Main Features of Mansabdari System
Mansabdari system was of Central Asian origin. Some of the features of Mansabdari System were in vogue during the reigns of Alauddin Khalji and Sher Shah. The Mansabdari system was formally organized and introduced by Akbar in his administration. This system formed the foundation of military and civil administration of Mughal Empire.
Mansab meant rank or status. Akbar disliked jagir system as the same caused unnecessary loss to the central treasury. On the contrary he introduced Mansabdari system. Mansabdars or office holders were divided into 33 classes and were paid in cash according to their respective grades. Each of them had to maintain a certain number of horses and troops. These troops were used by the Mughal Emperor in times of crisis and wars.
The lowest mansab was 10; at the end of the reign the highest mansab was raised to 12,000. Mansabdars were generally assigned jagirs in line of pay in cash. Some mansabdars commanded troops recruited not by themselves but by the state.
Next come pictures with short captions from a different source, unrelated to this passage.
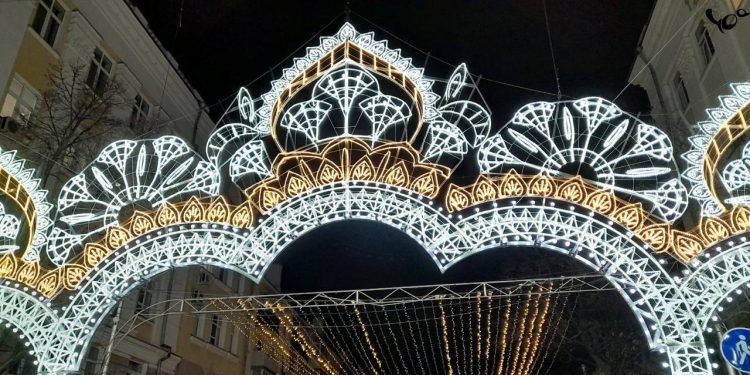 Рязанцы любуются новыми новогодними украшениями в центре города Рязанцы любуются новыми новогодними украшениями в центре города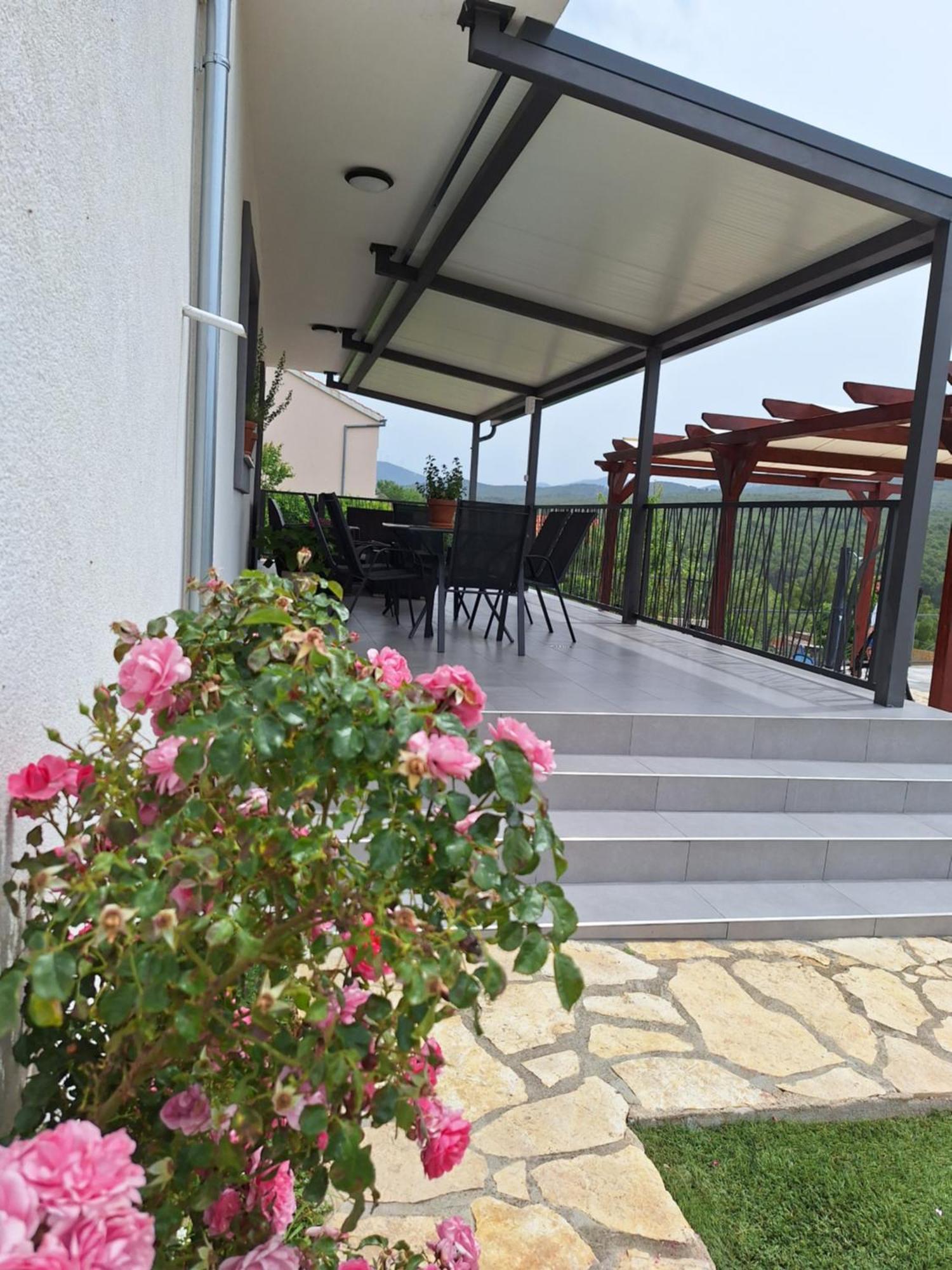 Guest House "The View" - With A Pool Donje Polje المظهر الخارجي الصورة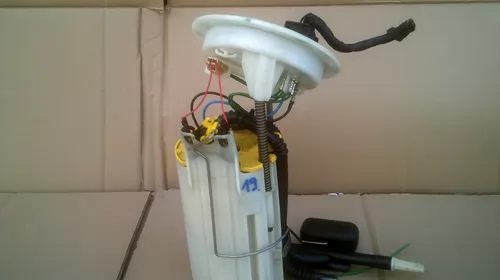 Injectie - Pompa de alimentare pentru BMW Seria 5 E60, motorizare 3.0 diesel, cod 6765848 , 0580303043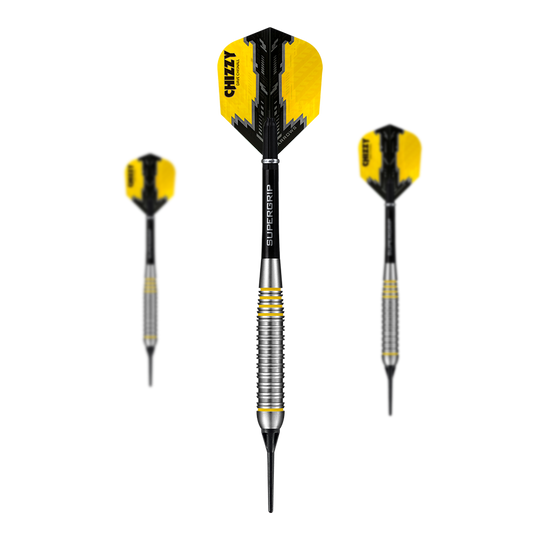 Harrow's Dave Chisnall Chizzy Brass Soft Darts Das Bild zeigt drei Harrows Dave Chisnall Chizzy Brass Softdarts. Die Pfeile haben gelb-schwarze Flights und einen geriffelten silbernen Barrel.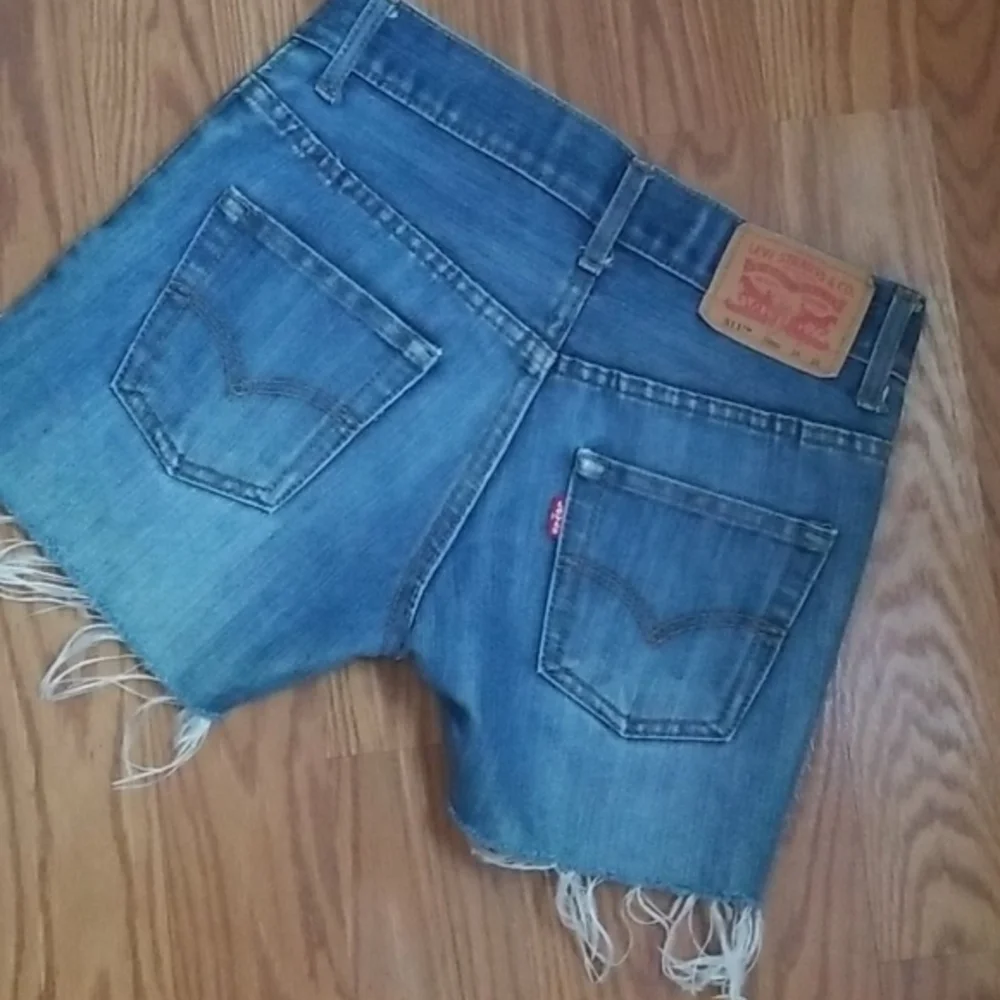 Levi's‎ Cutoffs distressed shorts size 10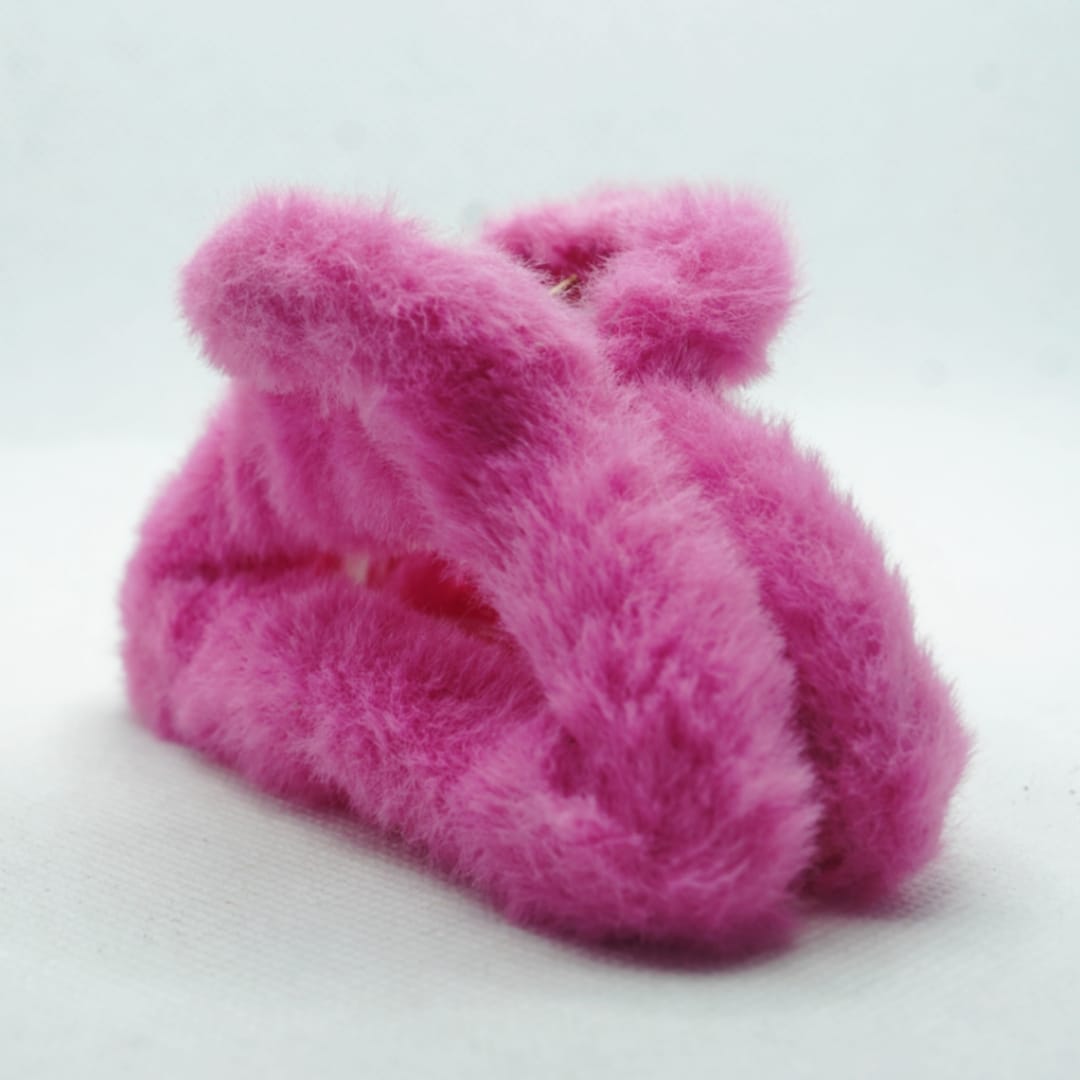 Solid Colour Faux Fur Medium Korean Hair Clip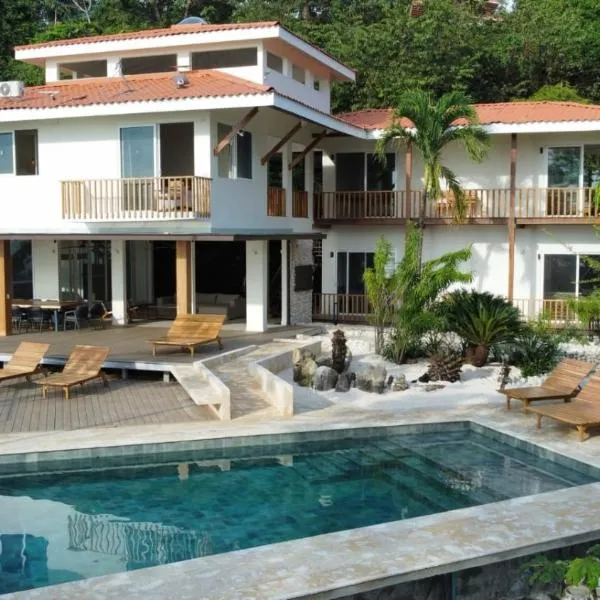 Casa Luna - Private Suites with Ocean View, Pool, AC, WiFi，位于圣塔特蕾莎海滩的酒店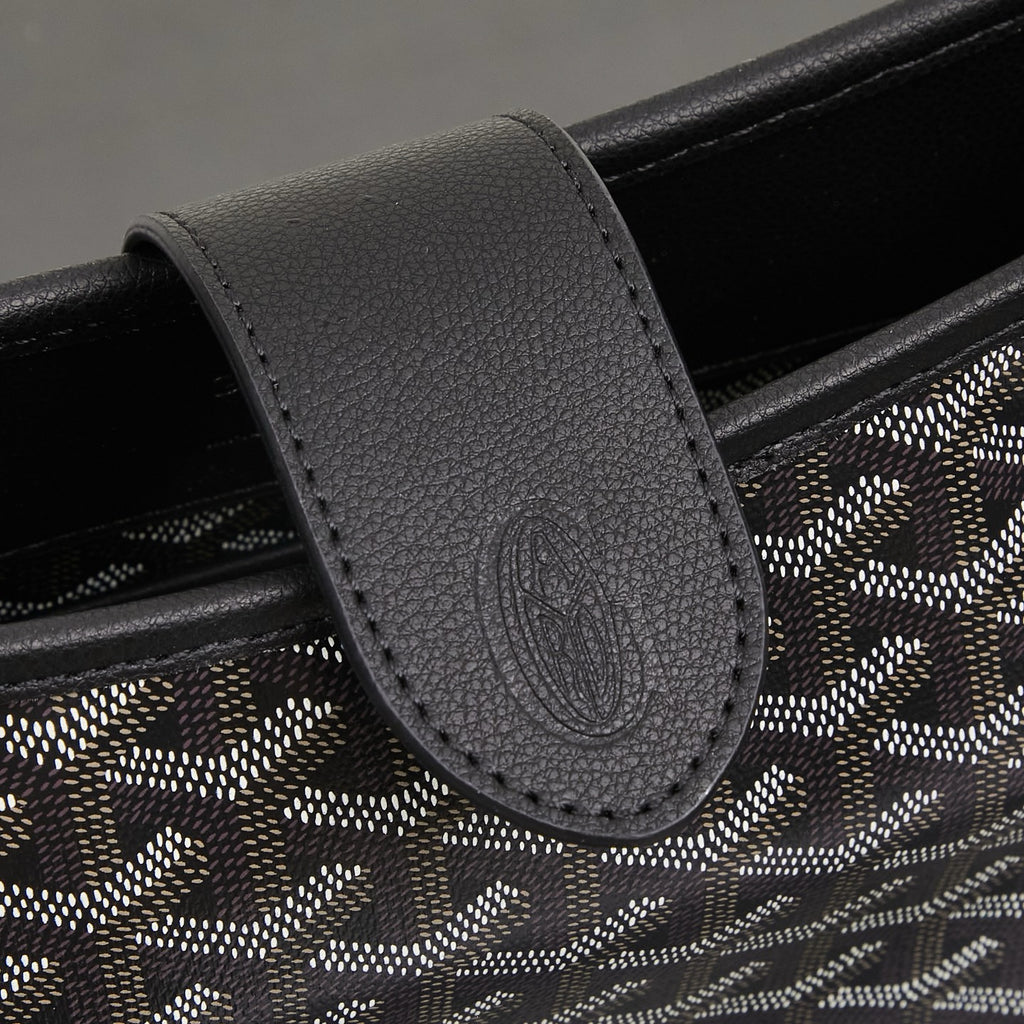 GOYARD WOMENS BAG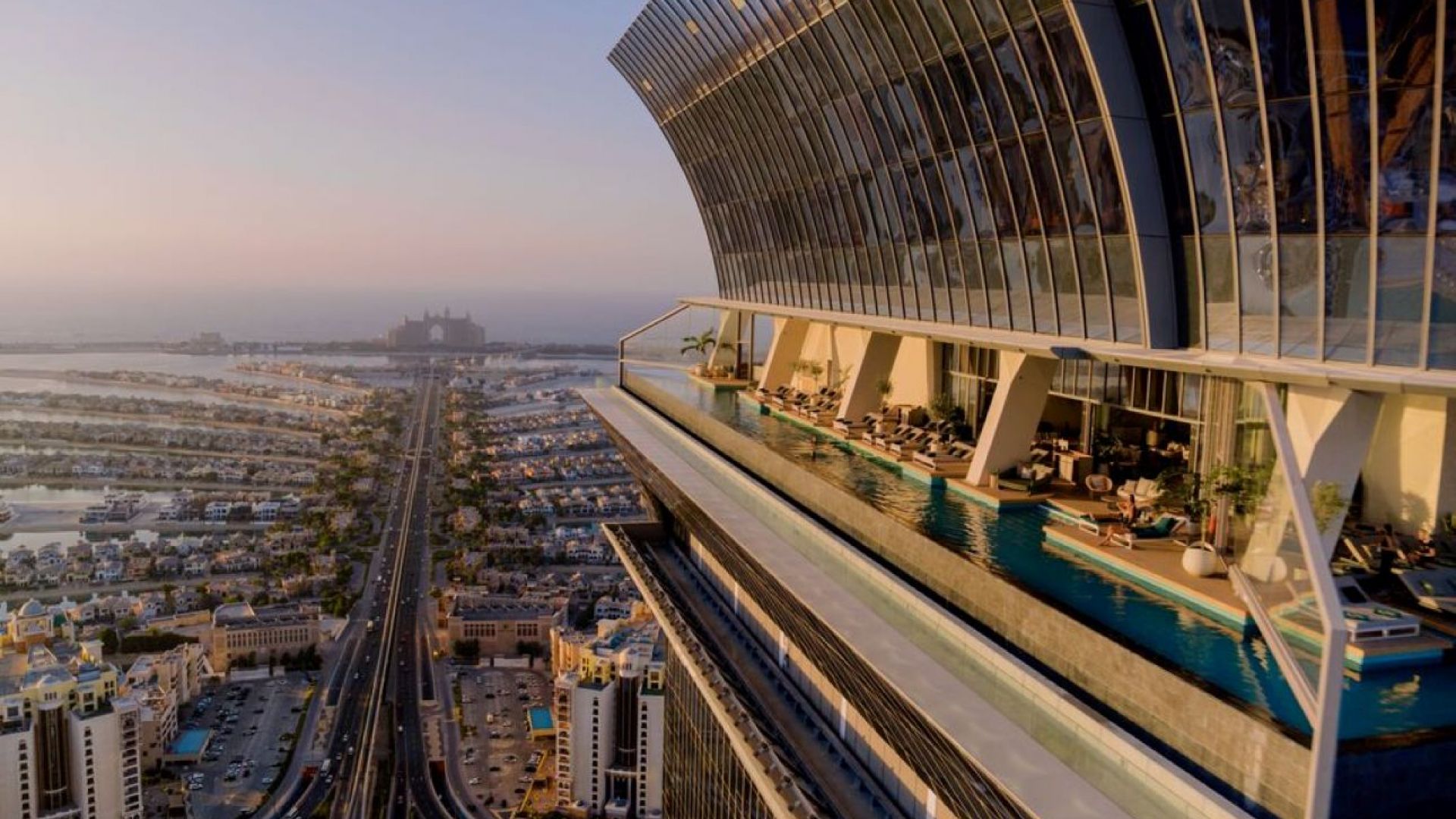 Shared Helicopter Tour in Dubai by Falcon Aviation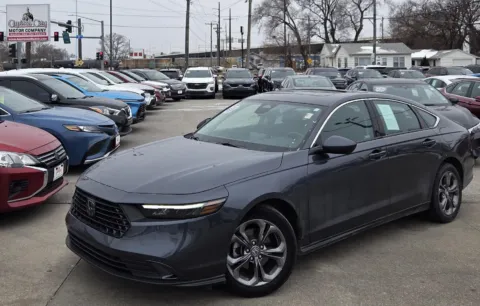 Gray 2024 Honda Accord Sedan EX for sale in Des Moines, IA
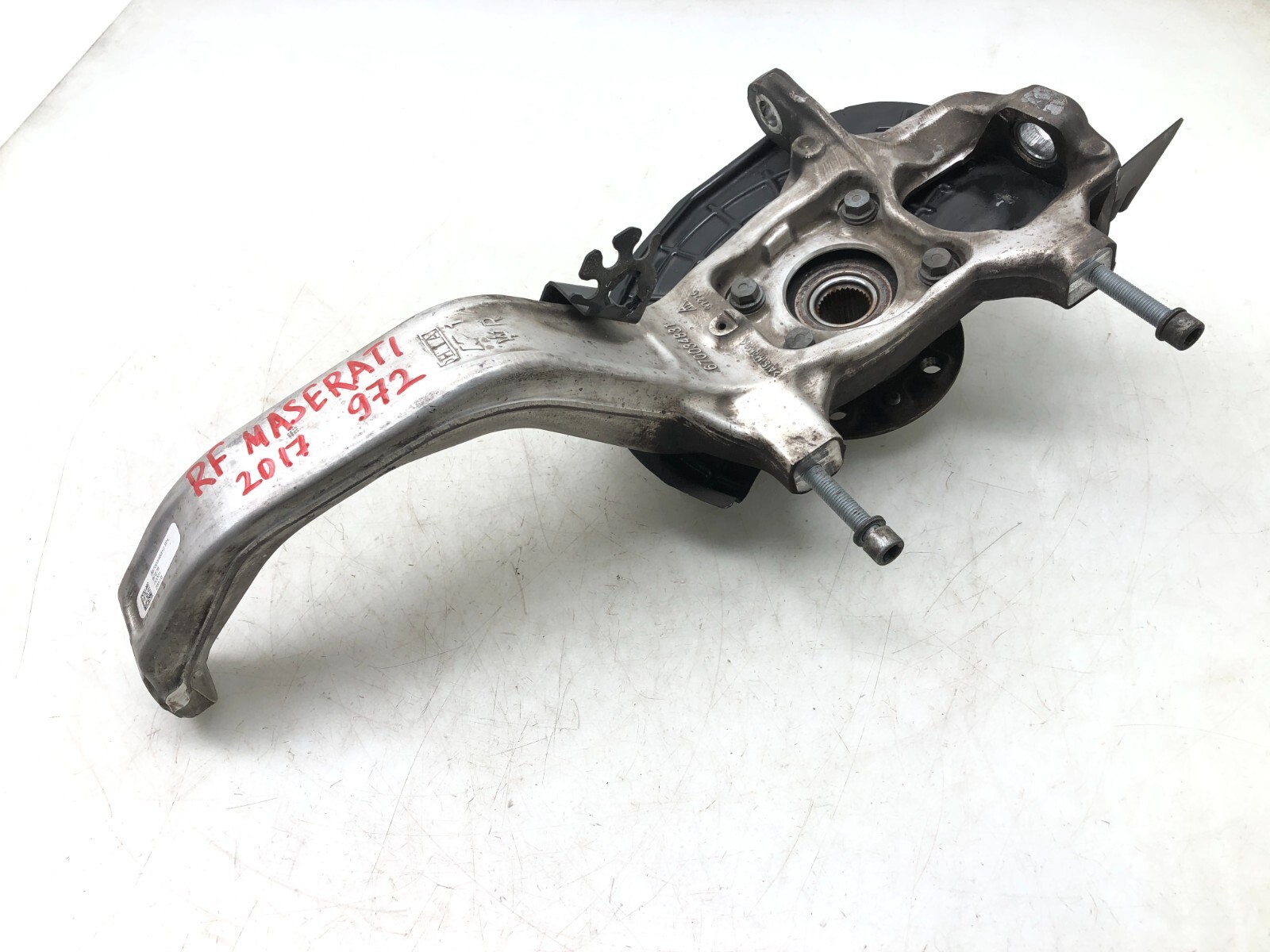 2017-2022 MASERATI LEVANTE S AWD RIGHT PASS FRONT SPINDLE KNUCKLE WHEEL HUB OEM.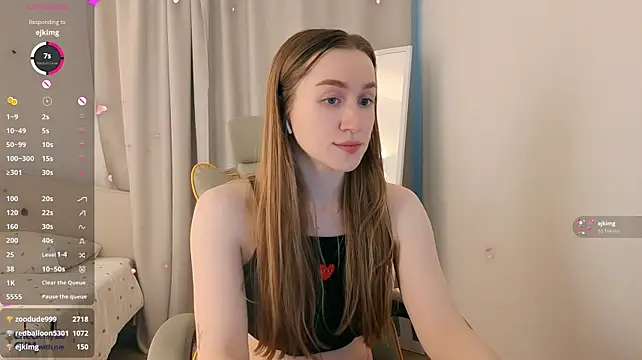 mowalova's Live XXX Chat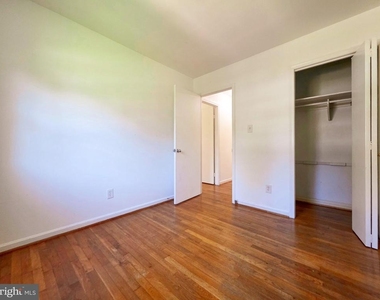 4221 N Valiant Court - Photo Thumbnail 19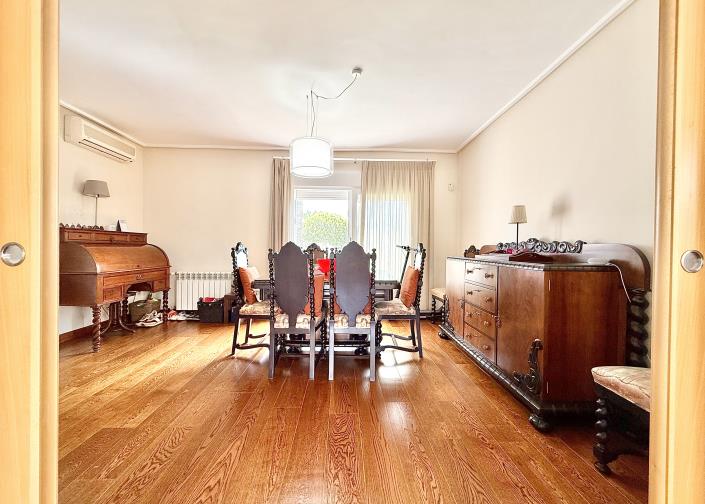 Image No.9-4 Bed Villa / Detached for sale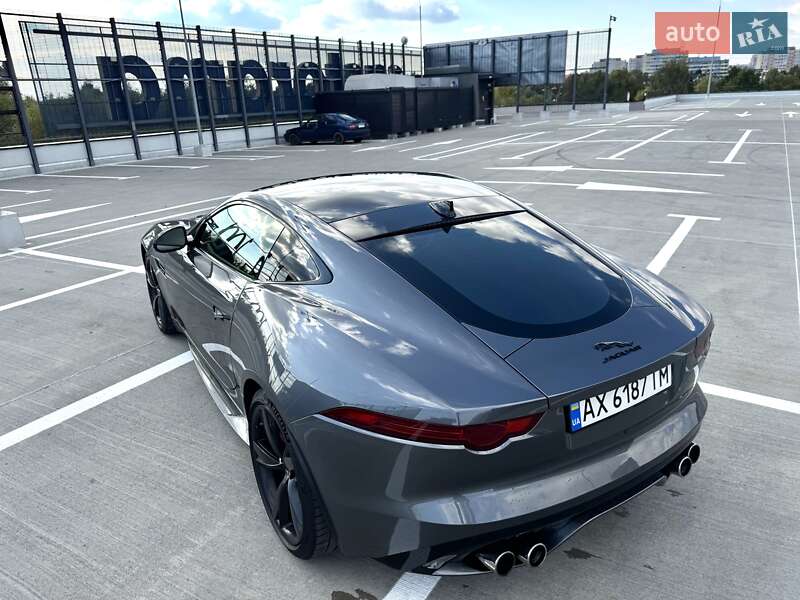 Купе Jaguar F-Type 2015 в Киеве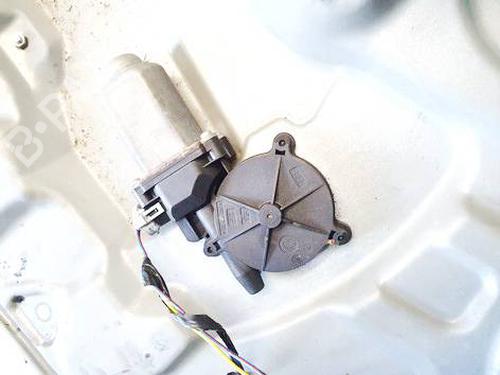 Left rear window motor NISSAN PRIMERA Hatchback (P12) 1.9 dCi | BP39041717E23 - Image 3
Most Mansabdars were foreigners or descendants of foreigners Central Asian, Turks, Persians and Afghans. The number of Indian holding this rank was relatively small. Consequently Mansabdars who raised then own troops preferred men of their tribe or race.
The Mansabdars System in India constituted imperial bureaucracy. They were said to be the pillars of the Mughal administration. In fact they formed the ruling class in the Mughal Empire.